EXERCISE DETAILS :: Below, some lines carry pictures; leave those pictures out and retype exactly the lines from the one with "Подрамник на chevrolet niva нового образца" through the one with "Żel Enervitene Sport".

SUPPLIED RECORDS ::
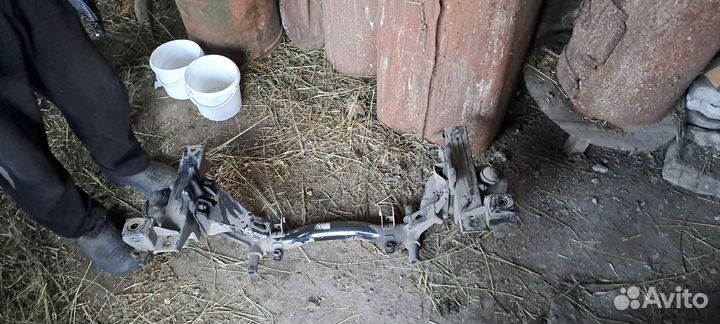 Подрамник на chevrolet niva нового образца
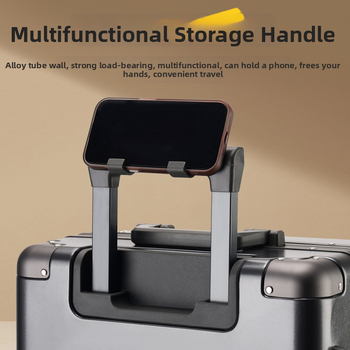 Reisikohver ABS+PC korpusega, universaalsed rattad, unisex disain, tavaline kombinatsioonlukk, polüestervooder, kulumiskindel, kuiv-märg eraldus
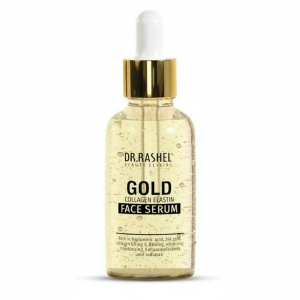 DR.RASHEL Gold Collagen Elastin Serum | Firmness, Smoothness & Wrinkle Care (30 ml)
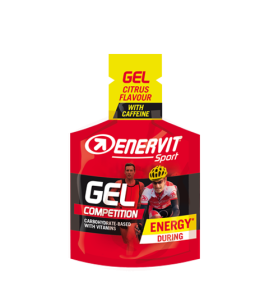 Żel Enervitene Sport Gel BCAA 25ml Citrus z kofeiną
* * *
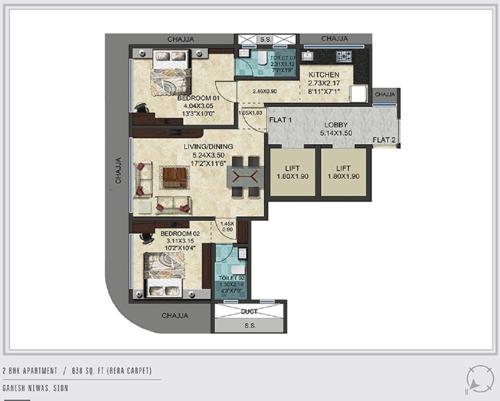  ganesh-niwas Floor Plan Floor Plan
---
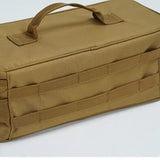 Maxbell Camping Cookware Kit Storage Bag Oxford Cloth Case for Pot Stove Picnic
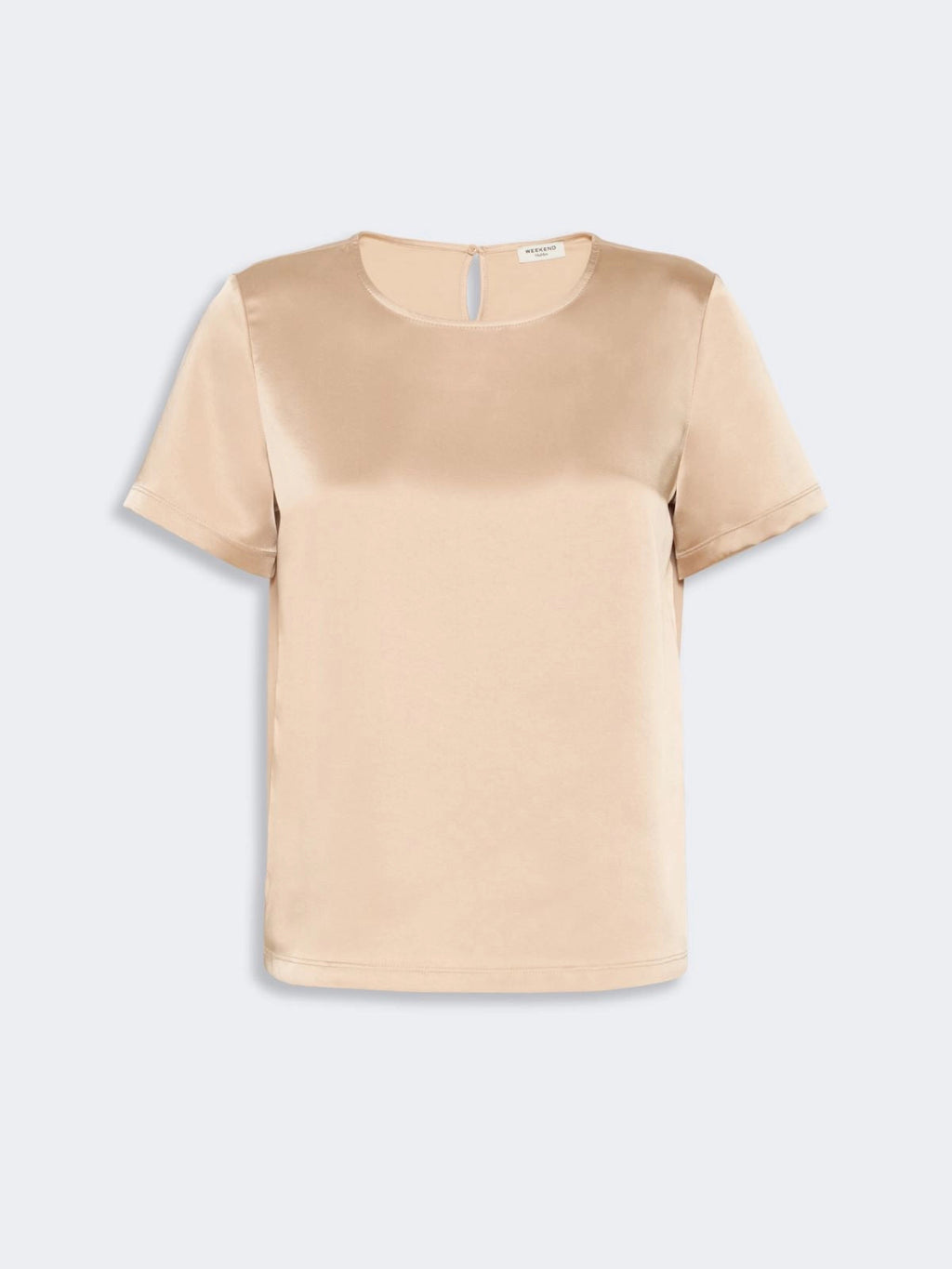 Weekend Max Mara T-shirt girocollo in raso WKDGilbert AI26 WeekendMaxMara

TASK ANSWER ::
 Подрамник на chevrolet niva нового образца
 Reisikohver ABS+PC korpusega, universaalsed rattad, unisex disain, tavaline kombinatsioonlukk, polüestervooder, kulumiskindel, kuiv-märg eraldus
 DR.RASHEL Gold Collagen Elastin Serum | Firmness, Smoothness & Wrinkle Care (30 ml)
 Żel Enervitene Sport Gel BCAA 25ml Citrus z kofeiną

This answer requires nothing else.